For nearly the entirety of Katie’s first year of life, I
tried to do this mom thing all by myself. My husband and I did not enter
parenthood very gracefully. I’m not sure that very many people do, to be
honest. If Katie had a memory that reached that far back, she would tell you
traumatizing stories of a mama who yelled and screamed and said so many hurtful
things to such a tiny, helpless child. A mama who voiced thoughts about giving
her away and who drove on the wrong side of the road too many times. To say
that I struggled, would be an understatement. Pointblank: Motherhood does not
come naturally, no matter what the diaper commercials would have you believe.
I was not loving, I was not joyful, I did not have peace. I
was severely impatient, kindness was nowhere in my vocabulary – I was not even
gentle. These are things it pains me to admit to anyone reading this; but I
want to get across to you that motherhood is definitely all about those fruits
of the Spirit; and you cannot achieve those without abiding in Christ.
(Going back to the verses in Psalm 127) In raising our
children, are we not building a house? We all guard our kids zealously from
everything from the flu, to strangers in the parking lot. And I don’t know about
you, but just to get the majority of my to-do list done each day and to take
care of everyday needs, I am usually up way before my husband and kids and I’m
always the last to tuck in for the night. In a few words: my labor can
definitely be painful and exhausting.
God doesn’t say here that all of these things are bad. In
fact, He has an entire Proverb (31) devoted to praising such a daily routine.

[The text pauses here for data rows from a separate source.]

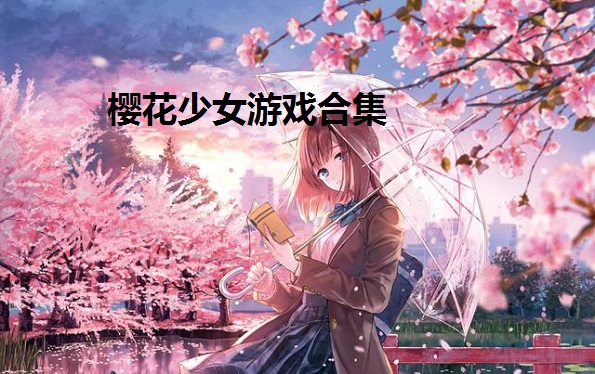樱花少女游戏合集
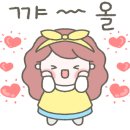 예쁜사랑어린이집 이미지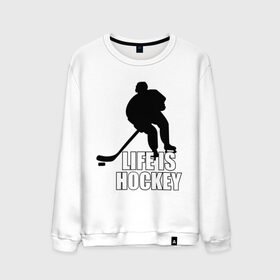 Мужской свитшот хлопок с принтом Life is hockey (Хоккей - это жизнь) в Курске, 100% хлопок |  | hockey | life is hockey | хоккеист | хоккей | хоккей   это жизнь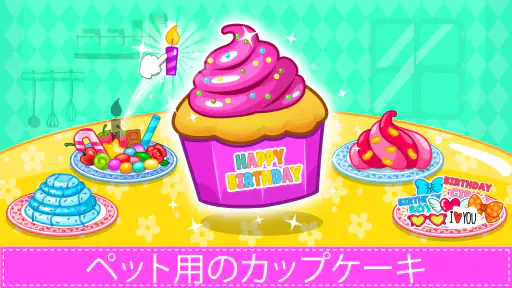 象: 幼児のためのペットゲーム, 動物のゲーム screenshot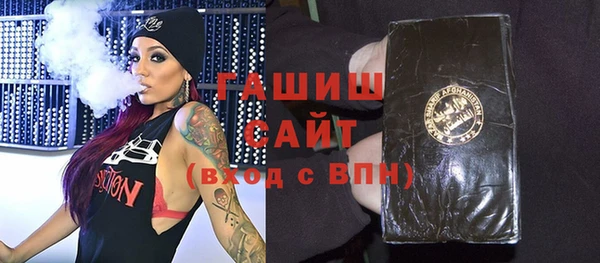 кокаин колумбия Дмитриев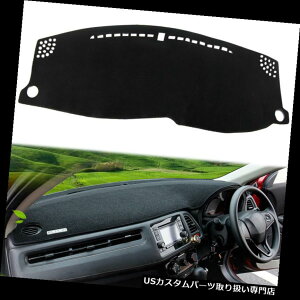 �_�b�V���{�[�h�}�b�g Honda Vezel HR-V 2014-17 RHD�p�_�b�V���{�[�h�_�b�V���}�b�g�_�b�V���}�b�g�T���V�F�[�h�J�o�[�p�b�h Dashboard Dashmat Dash Mat Sun Shade Cover Pad For Honda Vezel HR-V 2014-17 RHD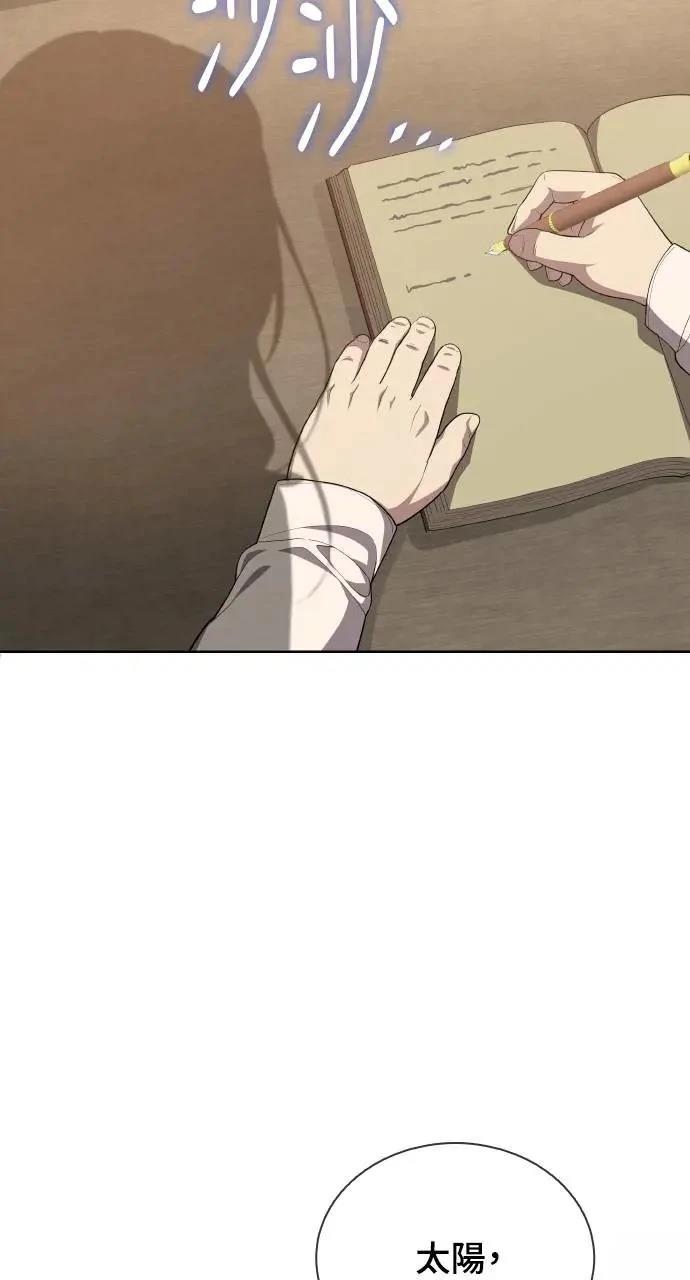 第16话4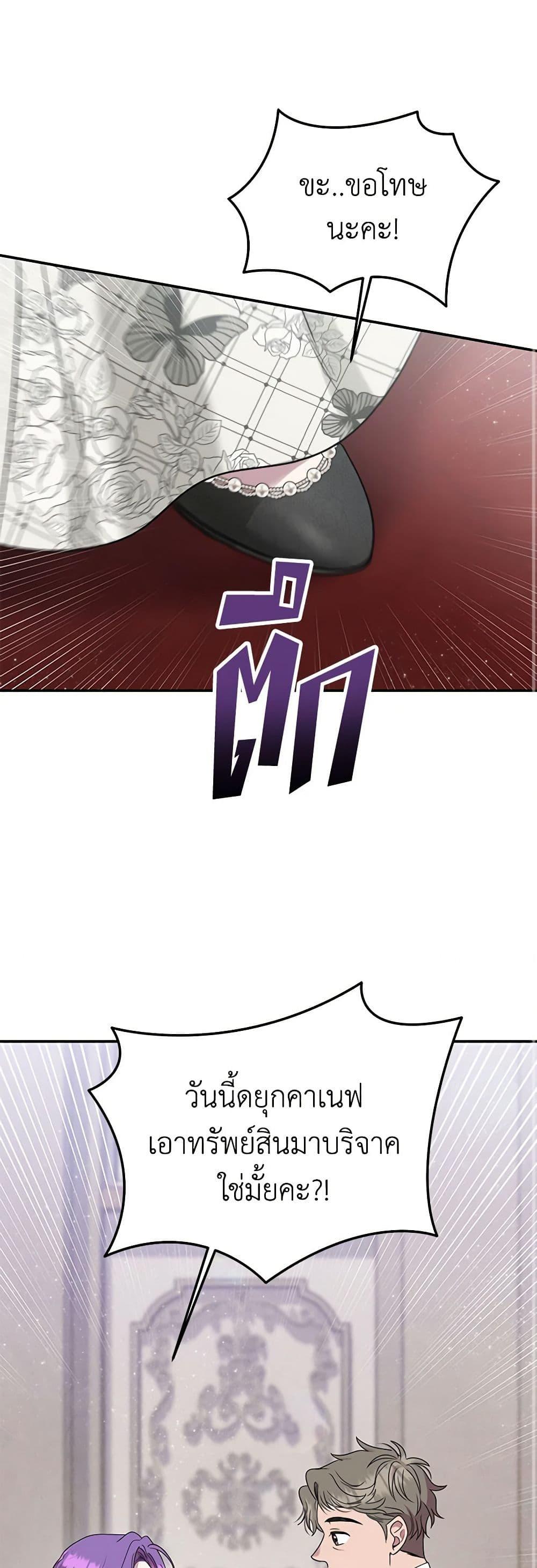 Manga-lc-com อ่านมังงะ อ่านการ์ตูน ออนไลน์ ฟรี Materialistic Princess ตอนที่ 1 2 3 4 5 6 7 8 9 10 11 12 13 14 ฟรี ไม่มีโฆษณา Manga-lc - อ่าน มังงะ อ่าน การ์ตูน ออนไลน์ อ่านมังงะ ฟรี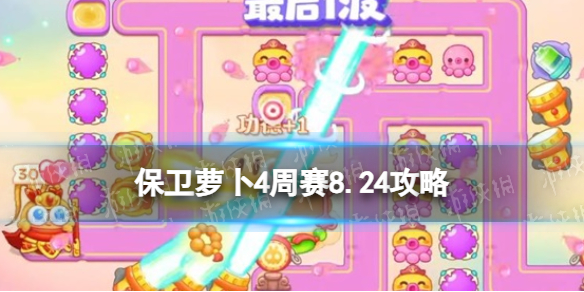 《保衛蘿卜4》周賽8.24攻略 周賽2023年8月24日攻略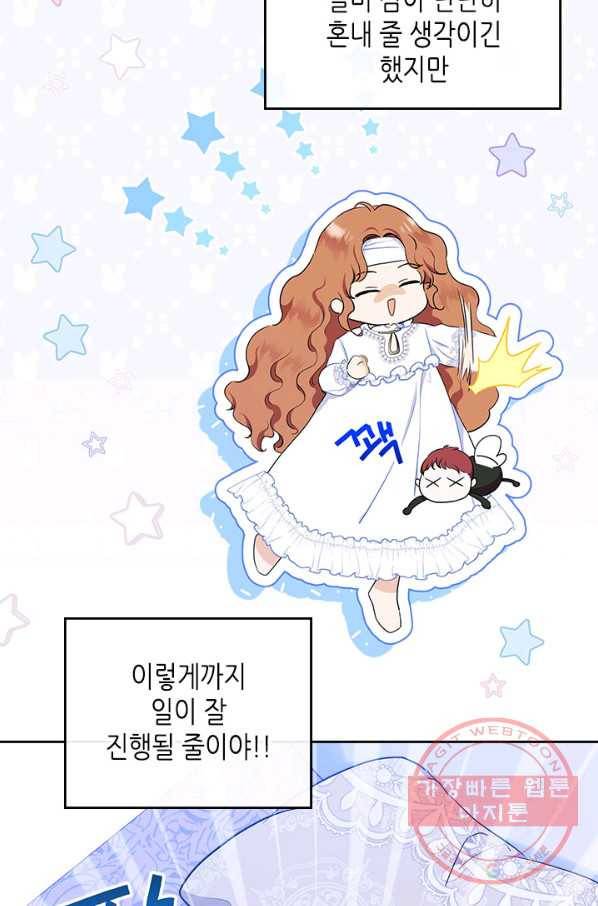 이번 생은 가주가 되겠습니다 42화 13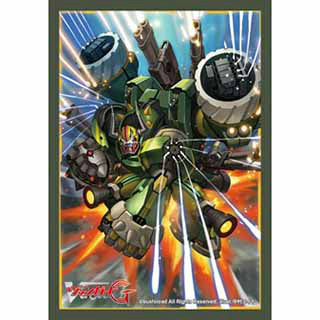 【新品即納】[TCG] ブシロードスリーブコレクション ミニ Vol.196 カードファイト!! ヴァンガードG『大悪党 ダーティ・ピカロ』(20160122)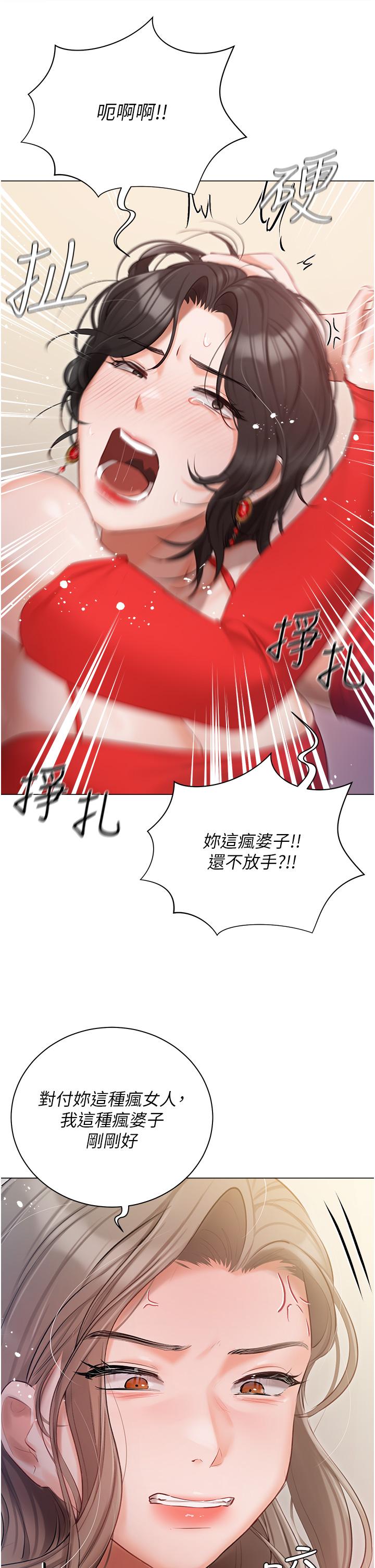 第43话-模仿彼此的姐妹 - 第11.jpg页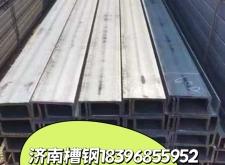 赤峰市槽钢公司电话多少号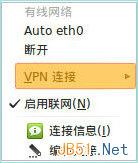 Linux Ubuntu PPTP方式連接VPN圖文教程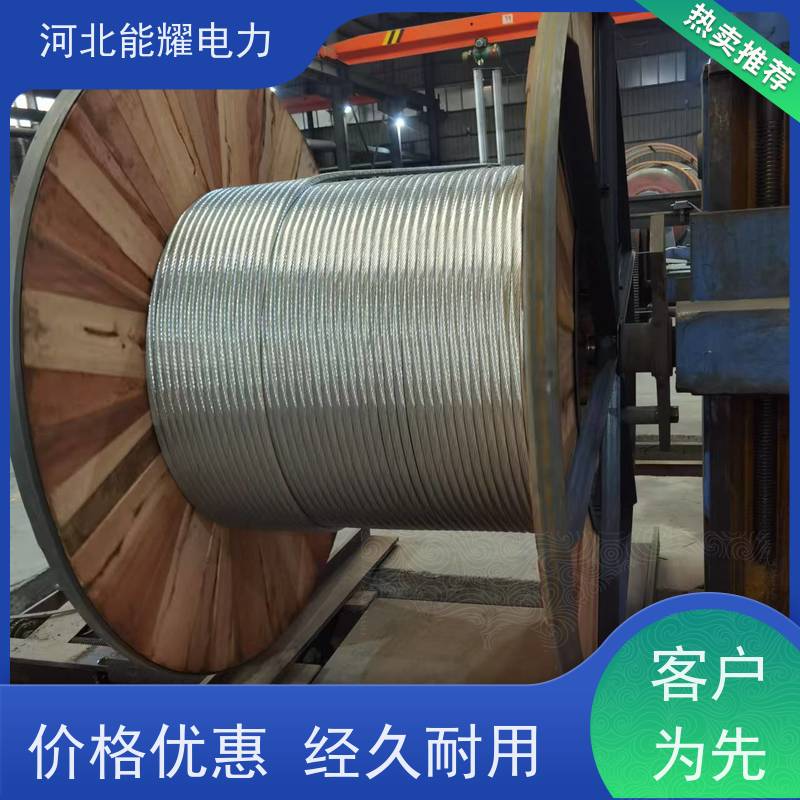  高压电力安装导线 全检铝包钢芯铝绞线 JL1/LB20A-1235/50 结构简单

What He is trying to get across to us (and which is also basically the entire
message of Ecclesiastes) is that we can work so so hard as mothers and be so so
faithful in this calling, but if we try to do it without Him, it is not even
worth it. We are wasting our time,
then; and that is stated very clearly by the use of the words “in vain” in this
chapter.
So many blessings can belong to us and our families if we,
as mothers and wives, would do this with the help of the Lord. Y’all, in the
very least, the greatest of encouragement would be ours. Instead of being
confused and fraught with depression because we are listening to the lies around
us, we could be strong, and hopeful and, yes, even joyful in this calling by countering
those lies with real Truth.
Think about it.
“Come to Me, all who are weary and heavy-laden, and I will
give you rest. Take My yoke upon you and learn from Me, for I am gentle and
humble in heart, and you will find rest for your souls.”